Hmm, in theory there's a test to stop "invalid characters" from appearing
case runeValue >= 0x100:
// Some random Unicode range; we have no good rules here
thisdir := (dir % 127) + 1
base := int(runeValue - runeValue%256)
newRune := rune(base + (int(runeValue)-base+thisdir)%256)
// If the new character isn't a valid UTF8 char
// then don't rotate it. Quote it instead
if !utf8.ValidRune(newRune) {
_, _ = result.WriteRune(obfuscQuoteRune)
_, _ = result.WriteRune(runeValue)
} else {
_, _ = result.WriteRune(newRune)
}
So it looks like the Go library isn't flagging it as bad. I'm not sure what we can do about that...
UPDATE: [U+D7A5].txt file is successfully uploaded to the Google drive.
I think it's valid, but it can't only be used in Dropbox.
U+D7A5 seems to be a character that can not be used as a file name in the Dropbox. I have just uploaded a text file under the name [U+D7A5].txt in the web Dropbox, and an error occurred that there was an incorrect character in the file name.
$ echo hello | rclone rcat "dropbox:ν₯"
2021/05/01 14:01:44 ERROR : ν₯: Failed to copy: upload failed: Error in call to API function "files/upload": Invalid path: INVALID_PATH
2021/05/01 14:01:44 ERROR : ν₯: Post request rcat error: upload failed: Error in call to API function "files/upload": Invalid path: INVALID_PATH
2021/05/01 14:01:44 Failed to rcat: upload failed: Error in call to API function "files/upload": Invalid path: INVALID_PATH
Where that character is
>>> hex(ord("ν₯"))
'0xd7a5'
According to fileformat this isn't a valid unicode character.
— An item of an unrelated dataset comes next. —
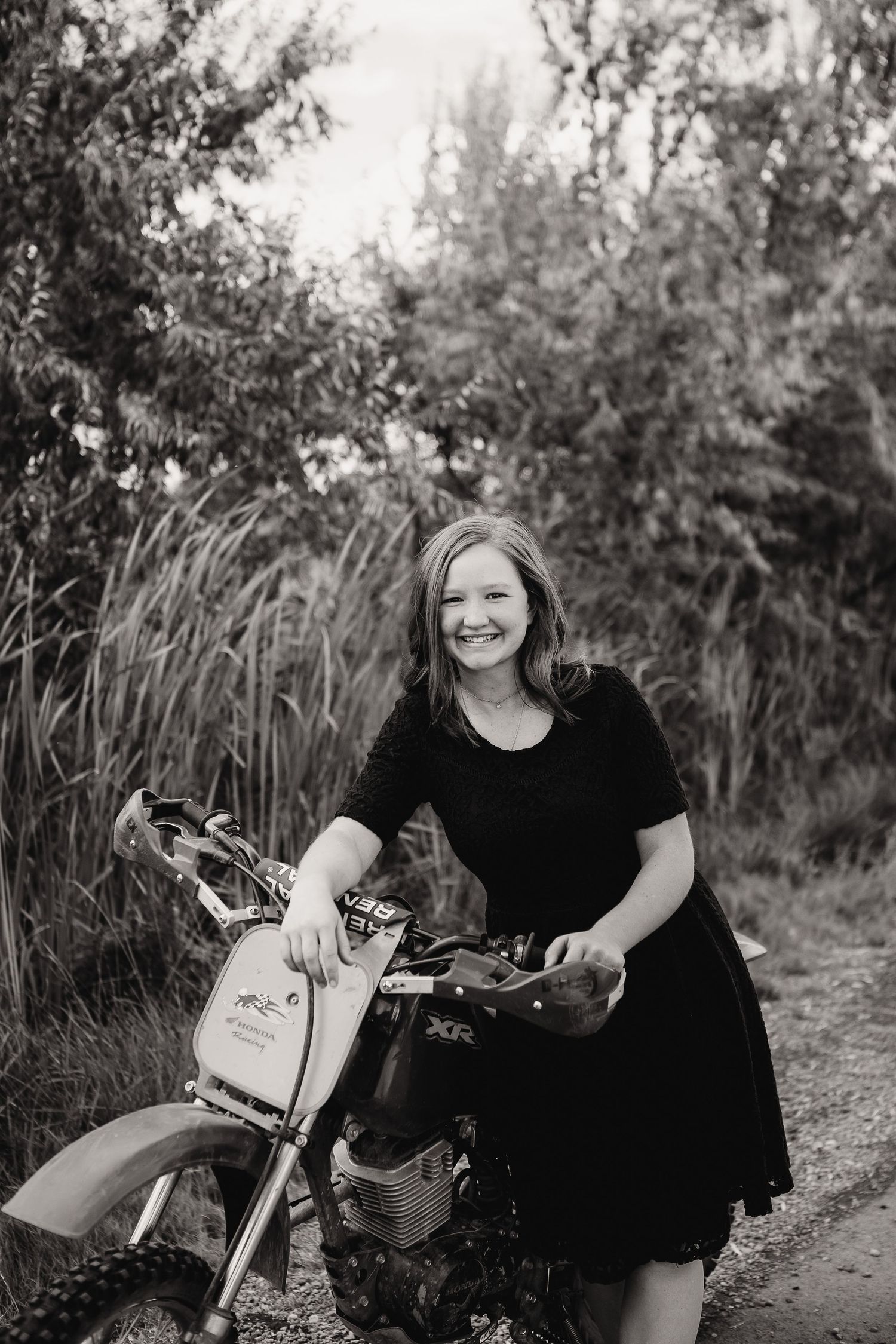 Person in black dress poses with dirt bike in front of natural foliage backdrop.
However go (see playground) does believe it to be valid.
However the check is quite simple
// ValidRune reports whether r can be legally encoded as UTF-8.
// Code points that are out of range or a surrogate half are illegal.
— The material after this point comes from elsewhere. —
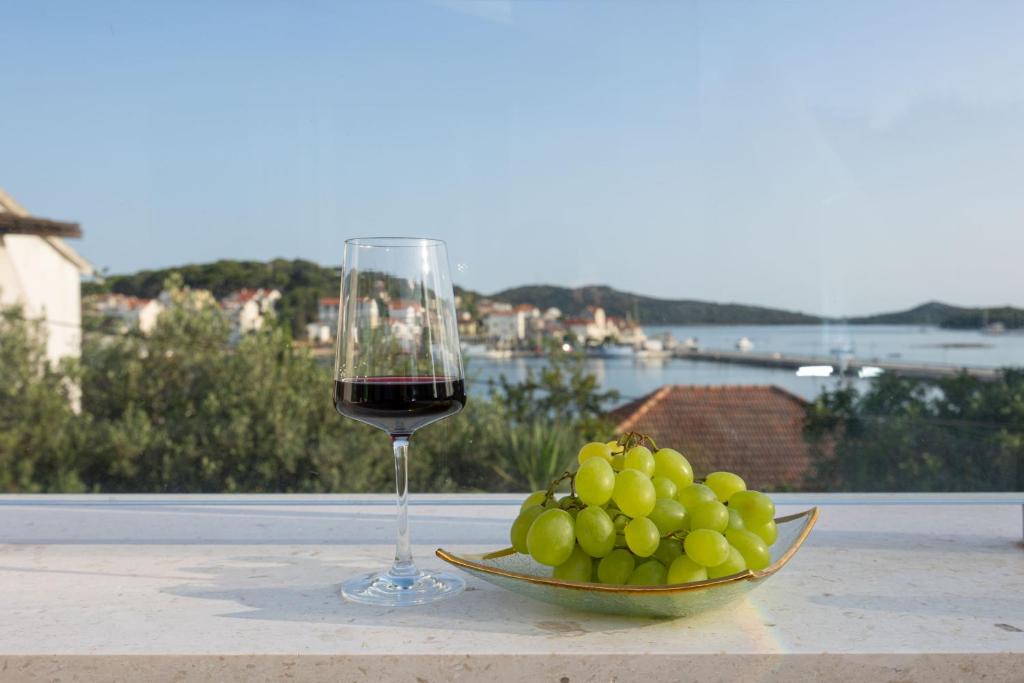 Wine and grapes overlooking the bay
func ValidRune(r rune) bool {
switch {
case 0 <= r && r < surrogateMin:
return true
case surrogateMax < r && r <= MaxRune:
return true
}
return false
}
Maybe we should be using something a bit more sophisticated like unicode.IsPrint, eg
However I have a little concern here - what is valid and invalid in unicode (not utf8) can and does change beween unicode revisions. Does this mean that the encoding/decoding of files is therefore dependent on unicode version?
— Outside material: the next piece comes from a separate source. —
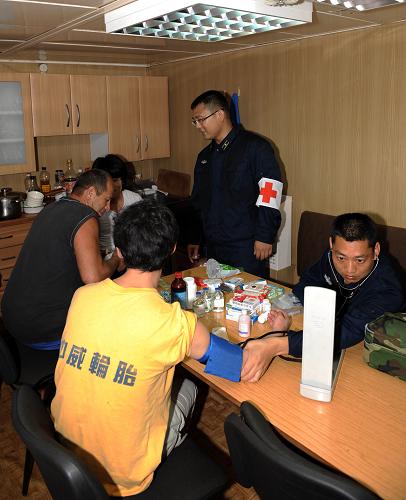 4月13日,在亞丁灣海域,中國海軍第五批護(hù)航編隊(duì)“廣州”艦醫(yī)療人員在“龍發(fā)”號漁船上了解患者病情。 當(dāng)日,正在亞丁灣東部海域執(zhí)行第187批護(hù)航任務(wù)的海軍第五批護(hù)航編隊(duì)“廣州”艦派出醫(yī)療小組前往被護(hù)船只“龍發(fā)”號漁船救治兩名患病船員,并送上蔬菜、水果、飲料等物品。兩名患者被初步診斷為接觸性皮炎,醫(yī)療人員對其進(jìn)行了抗病毒和抗過敏治療,并為其補(bǔ)充營養(yǎng)。 新華社記者劉春暉攝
Potentially, yes. The obfuscated results could change depending on GoLang version!
Also, it doesn't handle the case where GoLang may support a newer version than the cloud provider, so we'd be back where we started; GoLang thinks it's good but the provider thinks it's bad.
I'm suprised at Dropbox - I would have thought they would go for a forward compatible file nameing scheme, much more like the utf.IsValid check.
@QxXU8Yknm2 I can't think of a good solution to this... You could try name encryption istead of obfuscation? Dropbox can only have 255 char file names so this may not be the best solution.